● Aim of the task: Under this line is some data; print exactly the lines from the one containing "Appartement Studio cabine" through its last line, without pictures.
[[ Information open ]]
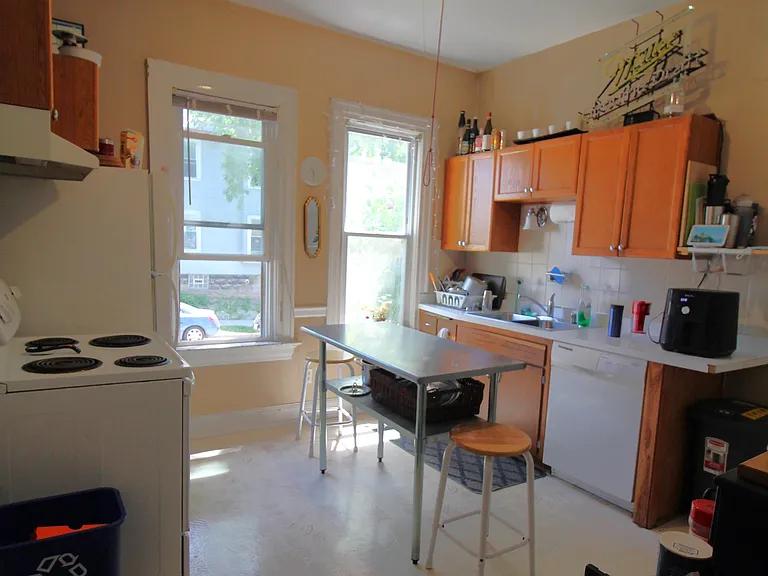 3200 N Bartlett Ave — Photo 4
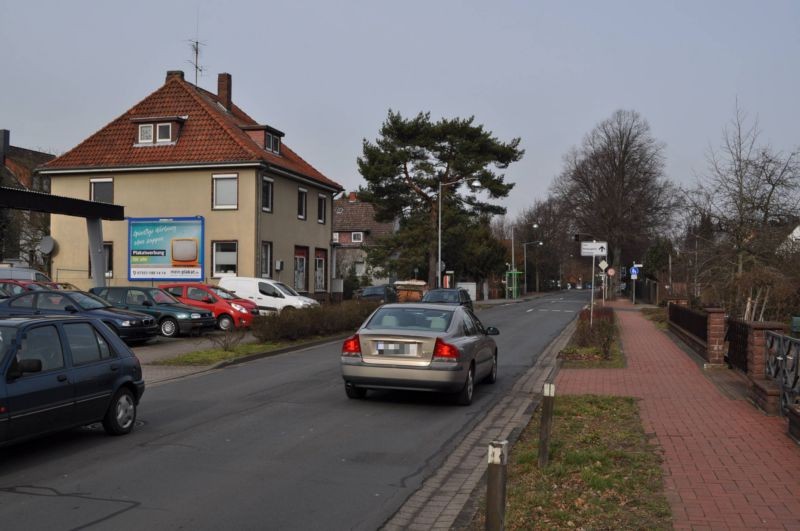 Hannoversche Str. 170 (quer am Giebel)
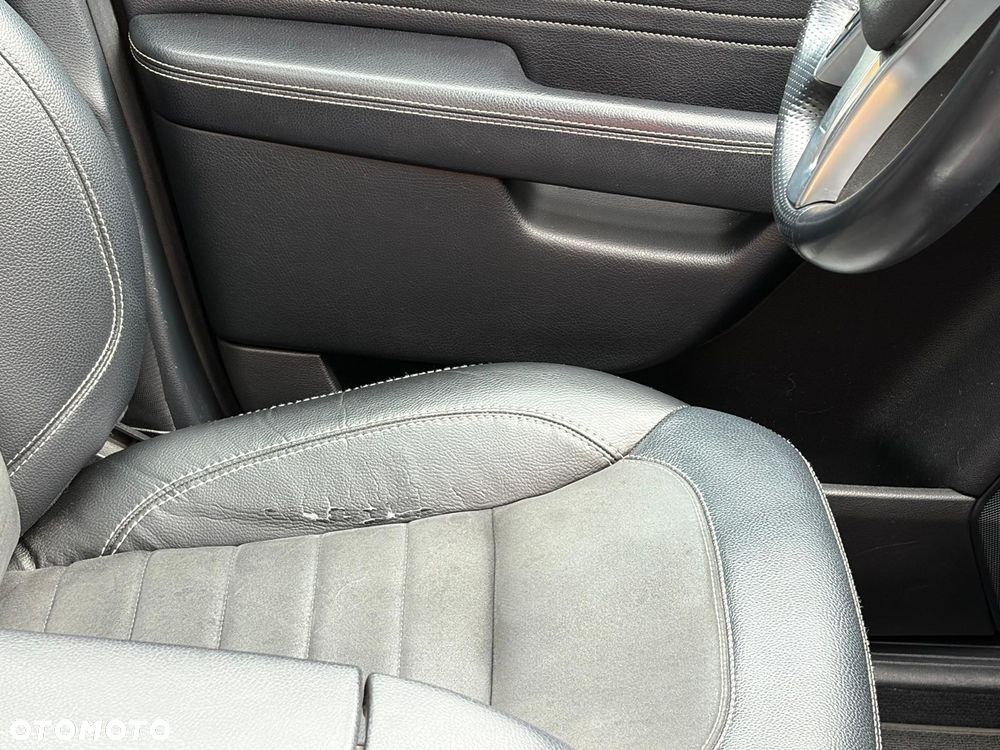 Mercedes-Benz ML 350 BlueTEC 4-Matic - 11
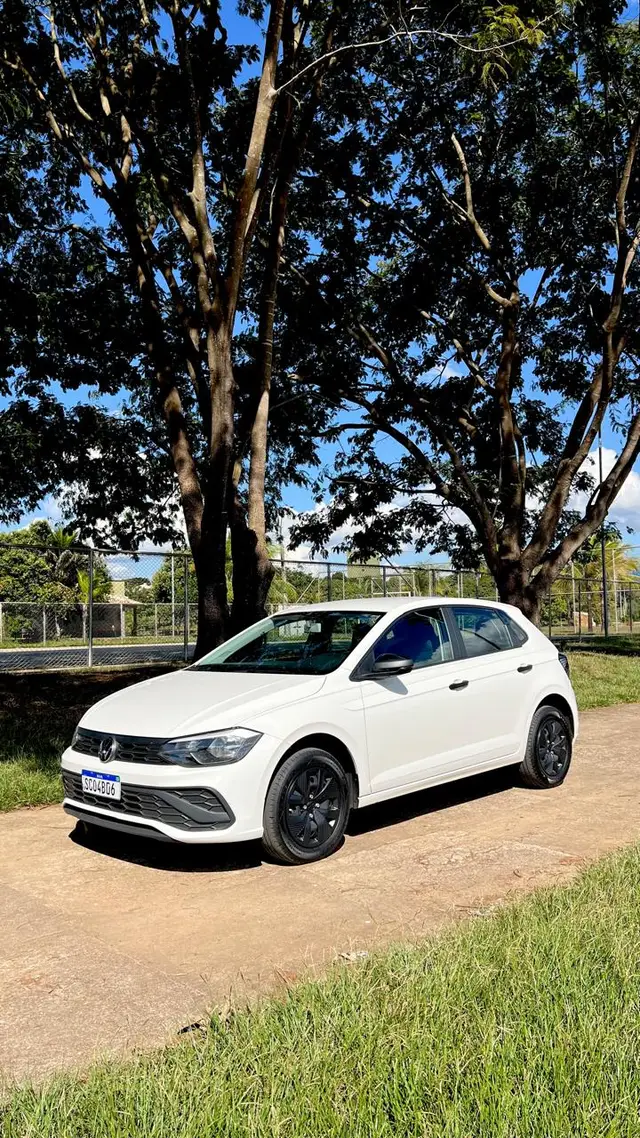 Carro Volkswagen Polo 2024 Track 1.0 Flex 12V 5p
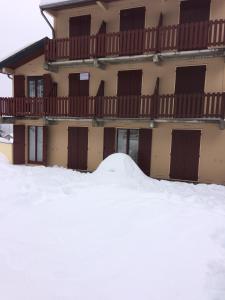 Appartement Studio cabine Ax les 3 domaines 12 Rue des Campels 09110 Ax-les-Thermes Midi-Pyrénées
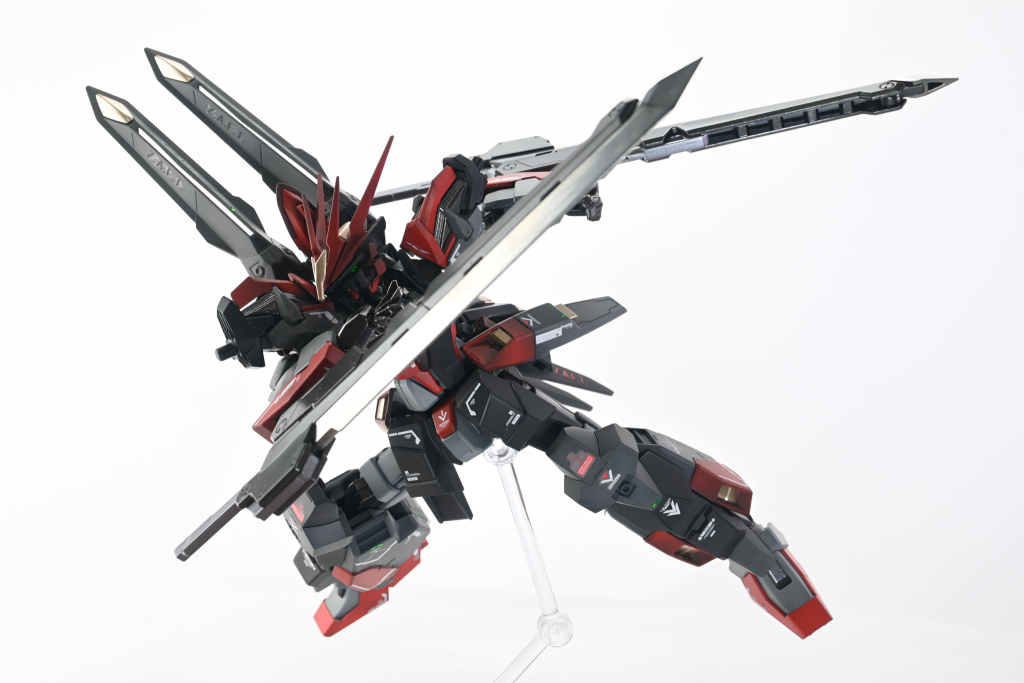 ・ツェアシュトゥルングソード両肘、両腕で使用される大型の二振りの剣。刀身にはレアメタルΩが使用され、絶対的な攻撃力を誇る。刀身以外の部分は本機関節部に使用されているものと同じPS装甲が採用されているため、高い堅牢さを誇る。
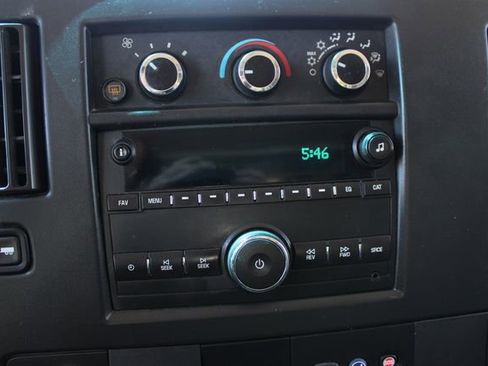 Used 2018 GMC Savana 2500 Extended RWD image 12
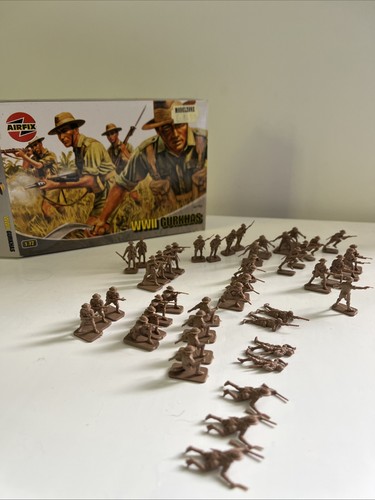 Airfix ww11 gurkhas 72 - gurkhas, 1:72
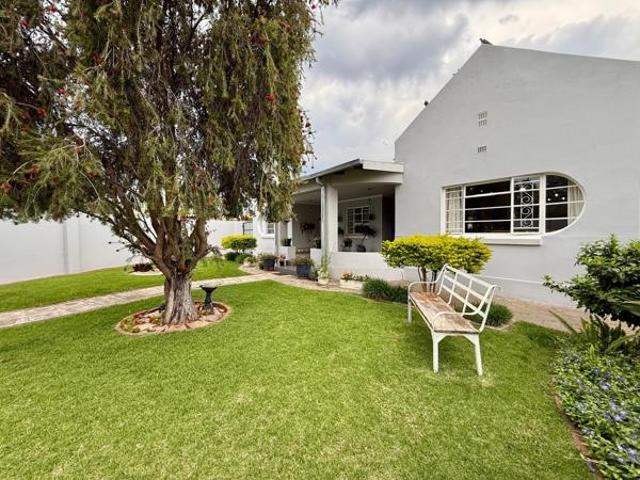 House for sale in Kimberley, Frances Baard District Municipality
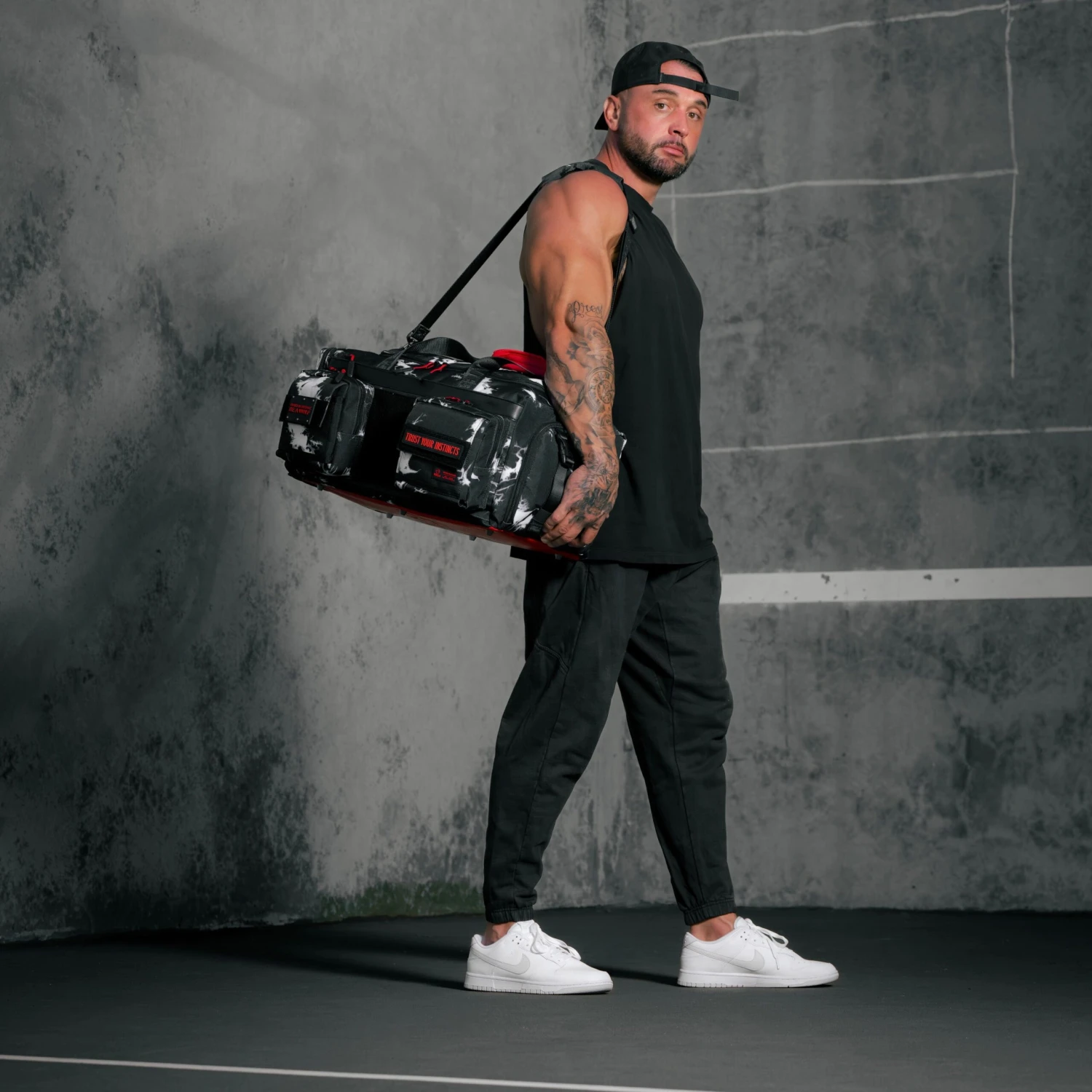 40L Ultimate Duffle Bag Black Lightning Immortal Red 6 40L Ultimate Duffle Bag Black Lightning Immortal Red - Image 4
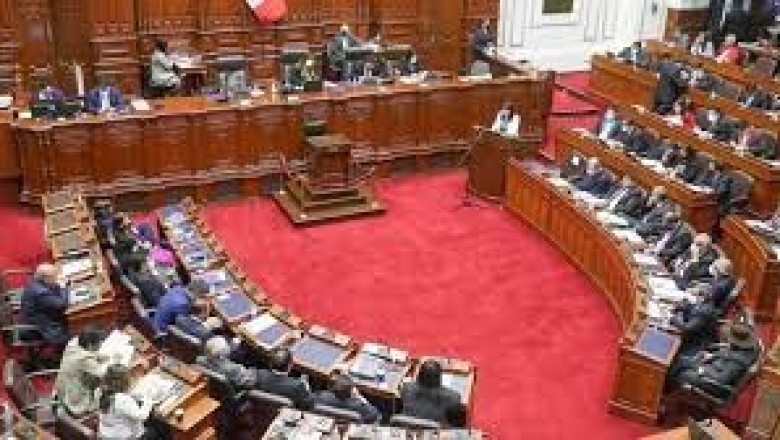 CONGRESO RECORTA DOS MIL MILLONES DE LAS REGIONES PARA DÁRSELOS A LIMA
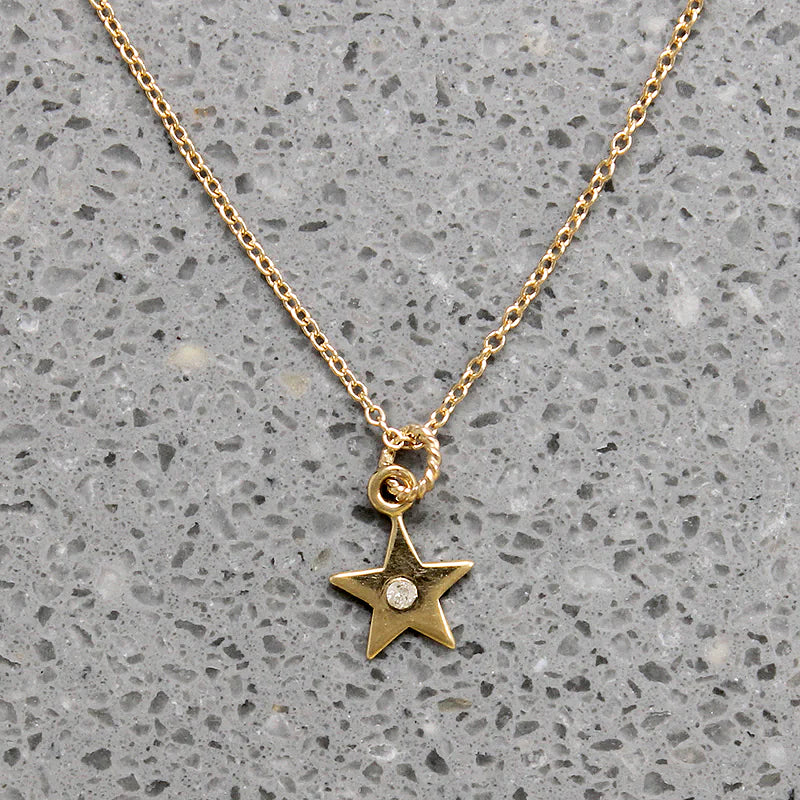 Delicate Gold Bracelet with Diamond-Set Star Charm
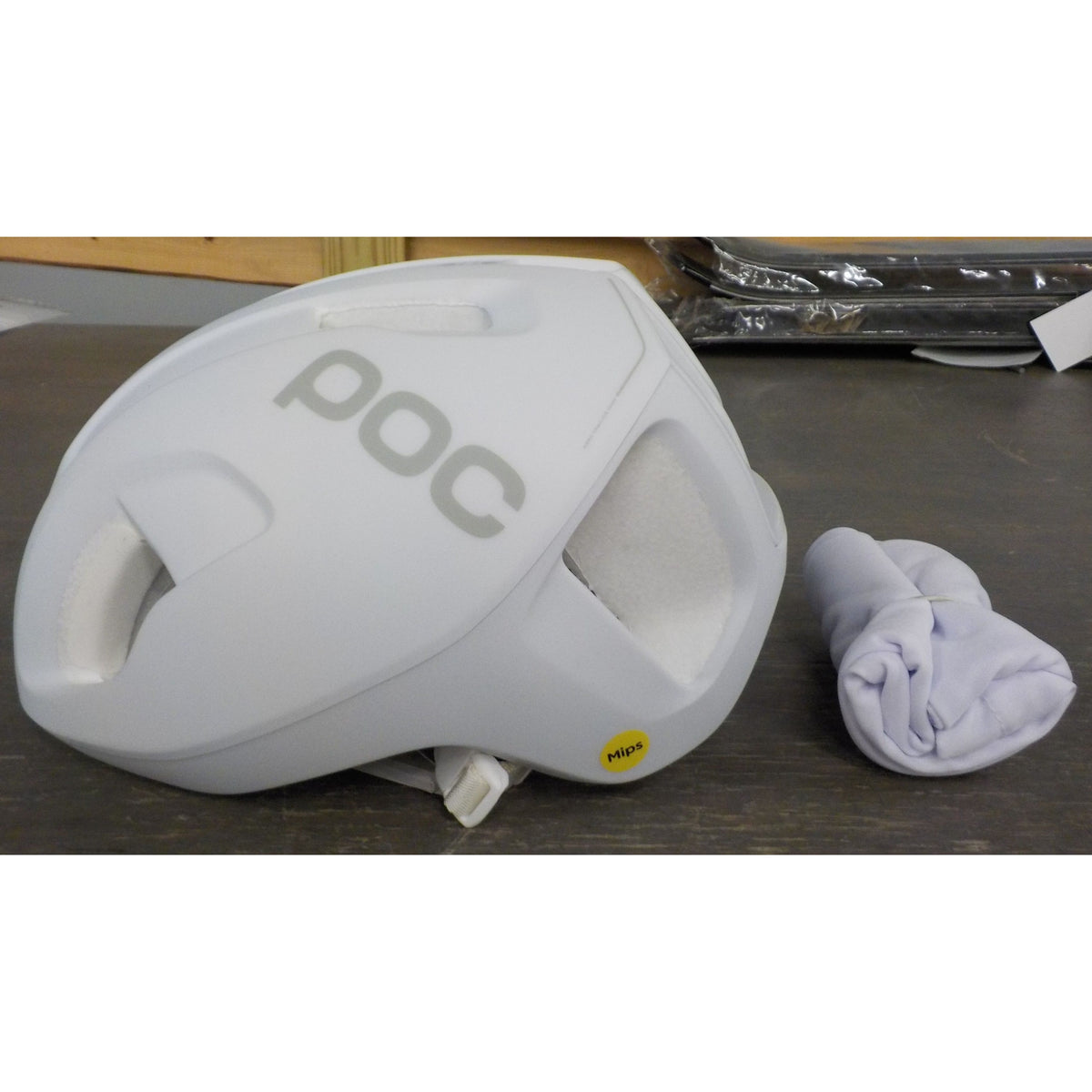 POC Sports Ventral Mips (Cpsc) Helmet - Hydrogen White Matt - Large - Used - Acceptable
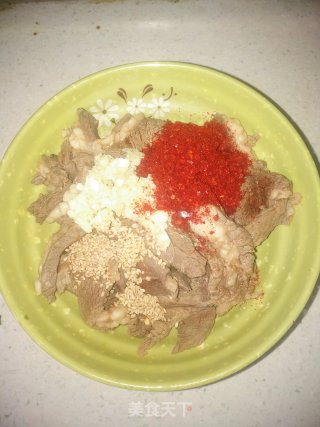 香菜拌牛肉的做法步骤：7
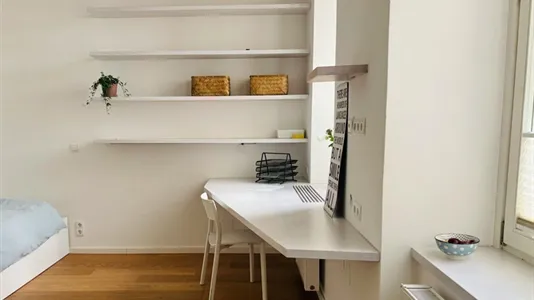 Apartments in Vienna Josefstadt - photo 2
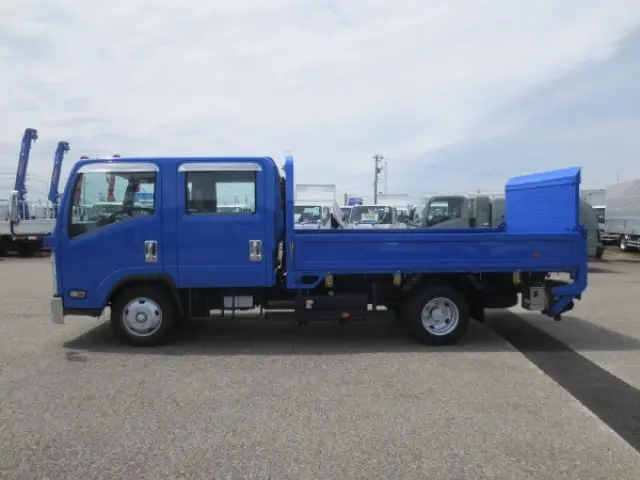 いすゞ エルフ 2RG-NPR88AR(2WD)の写真9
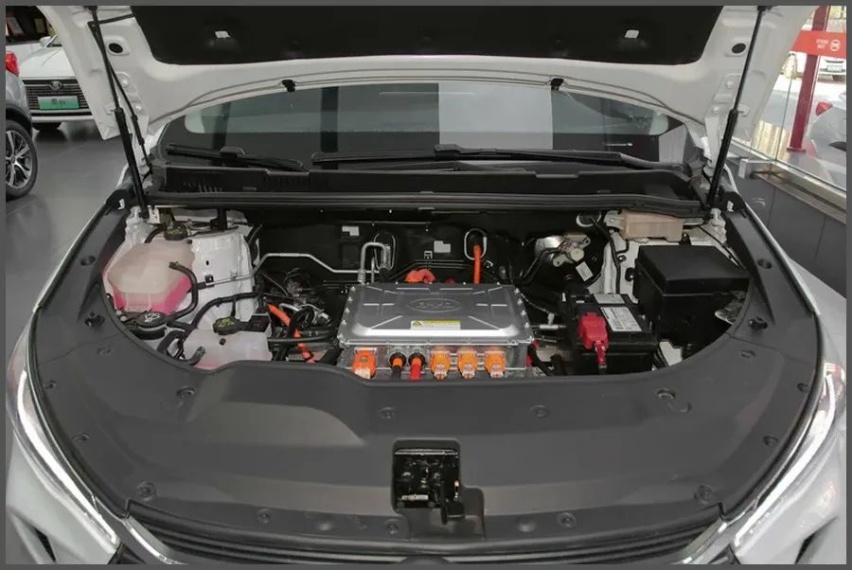 EUNIQ 5和宋MAX EV买谁更值？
[[ Information closed ]]
● Answer for the task:
 Appartement Studio cabine Ax les 3 domaines 12 Rue des Campels 09110 Ax-les-Thermes Midi-Pyrénées
 ・ツェアシュトゥルングソード両肘、両腕で使用される大型の二振りの剣。刀身にはレアメタルΩが使用され、絶対的な攻撃力を誇る。刀身以外の部分は本機関節部に使用されているものと同じPS装甲が採用されているため、高い堅牢さを誇る。
 Used 2018 GMC Savana 2500 Extended RWD image 12
 Airfix ww11 gurkhas 72 - gurkhas, 1:72
 House for sale in Kimberley, Frances Baard District Municipality
 40L Ultimate Duffle Bag Black Lightning Immortal Red 6 40L Ultimate Duffle Bag Black Lightning Immortal Red - Image 4
 CONGRESO RECORTA DOS MIL MILLONES DE LAS REGIONES PARA DÁRSELOS A LIMA
 Delicate Gold Bracelet with Diamond-Set Star Charm
 POC Sports Ventral Mips (Cpsc) Helmet - Hydrogen White Matt - Large - Used - Acceptable
 香菜拌牛肉的做法步骤：7
 Apartments in Vienna Josefstadt - photo 2
 いすゞ エルフ 2RG-NPR88AR(2WD)の写真9
 EUNIQ 5和宋MAX EV买谁更值？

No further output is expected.